What the notice says
- McDonald's Corporation, in its function as the Registry Operator has represented to ICANN that it does not sell, distribute or transfer control or use of any registrations in the .mcdonalds TLD to third parties.
- Transitioning operation of the TLD is not necessary to protect the public interest.
- .mcdonalds qualifies as a .Brand TLD.
- Only one domain name is registered in the .mcdonalds TLD and it is mandated by the Registry Agreement (nic.mcdonalds).
One thing that is for sure is that McDonald's is good at Marketing: they have been able to sell Hamburgers to French and make them addicted. They've also been able to have millions of American to eat their Hamburgers using "Bread", "Cheese" and "French fries". No doubt: they are excellent at selling hamburgers ;-)
With so many people working on the best ways to market its products, the giant seems have taken the decision to capitalize on using country code Top-Level domains (such as ".fr" for example)* instead of its own domain name extension.
*Oh...and ".com" too.
$40,000 a year to operate...so why?
There are such offers to operate a TLD and this includes the prohibitive ICANN fee of $25,000 a year so...when you're McDonald's: why would you withdraw your application when you don't know about the future? It is even possible that these fee will lower - for .BRAND new gTLD applicants - in the future round of the ICANN new gTLD program: isn't this another good reason to keep a .BRAND new gTLD?
"What if"
What if Papa John's, Jack in the Box, Arby's, Dairy Queen, Little Caesars, Big Fernand (and its "hamburgés"), Carl's Jr./Hardee's, Chipotle, Sonic Drive-In, Domino's, KFC, Panera Bread, Pizza Hut, Chick-fil-A, Dunkin' Donuts, Taco Bell, Wendy's, Burger King, Subway or Starbucks submit an application in the next round and decide to create one domain name per restaurant opened or city covered? That could add a lot of visibility for these restaurants and make a difference when it comes to entering "hamburger" on Google (or Bing).
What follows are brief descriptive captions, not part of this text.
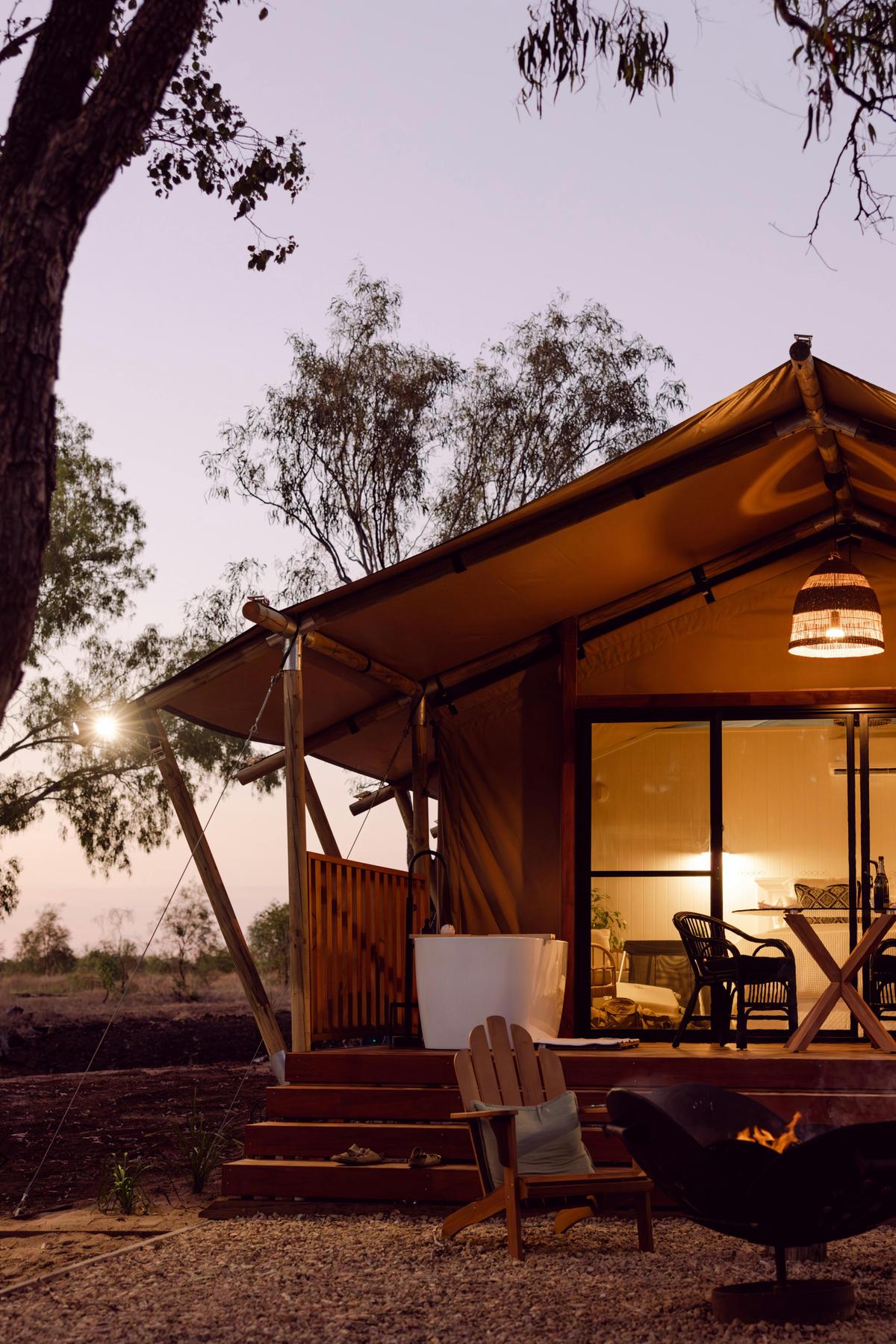 Tent at night with fire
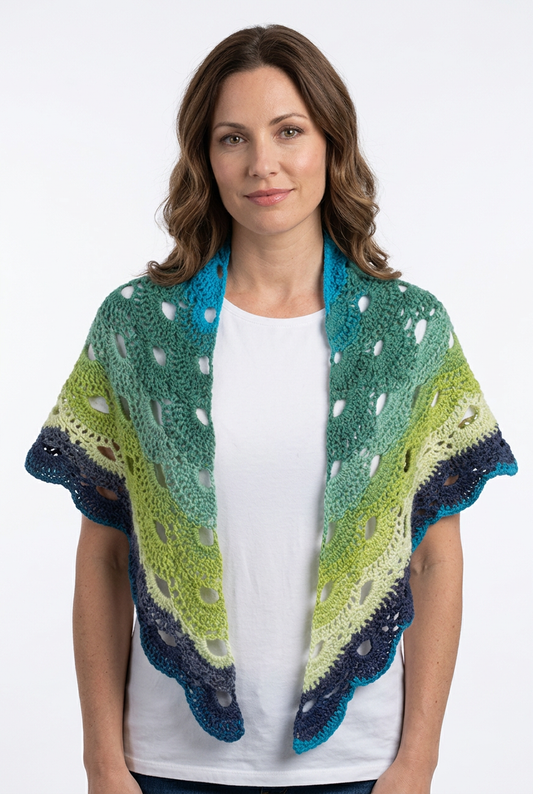 Model wearing the Ocean wrap open over both shoulders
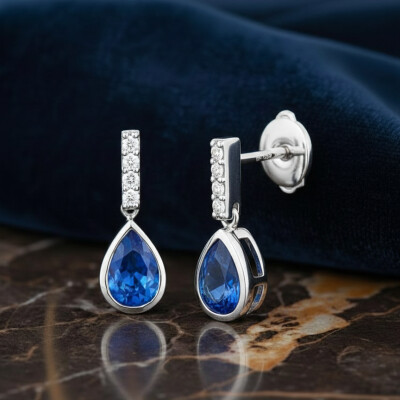 Boucles d'oreilles en or blanc, saphirs et diamant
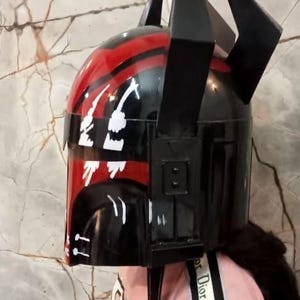 Puede incluir: Un casco negro y rojo con un dise&ntilde;o &uacute;nico, con formas angulares y un acabado brillante. El casco tiene acentos negros prominentes y una franja roja. El dise&ntilde;o incluye detalles gr&aacute;ficos blancos.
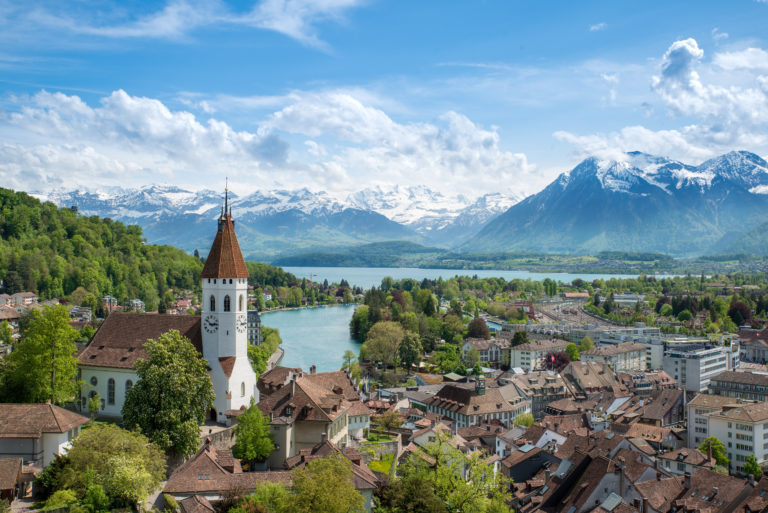 A landscape shot of the historic city of Thun in the canton of Bern in Switzerland, with a folk town below the mountains and blue lake. This image is used in the Students Fare student travel blog, "Spring Break in Switzerland," which is a travel guide to celebrating spring vacation in the Swiss Alps.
I am not even trying to contact McDonald's to understand such move but as a marketer myself, let's just say that if there are more, or as many, .BRAND new gTLD applications in the next round of the ICANN new gTLD program, I will consider that this choice was...not a good one: it is to me far to early for a Trademark like McDonald's to withdraw its new gTLD applications.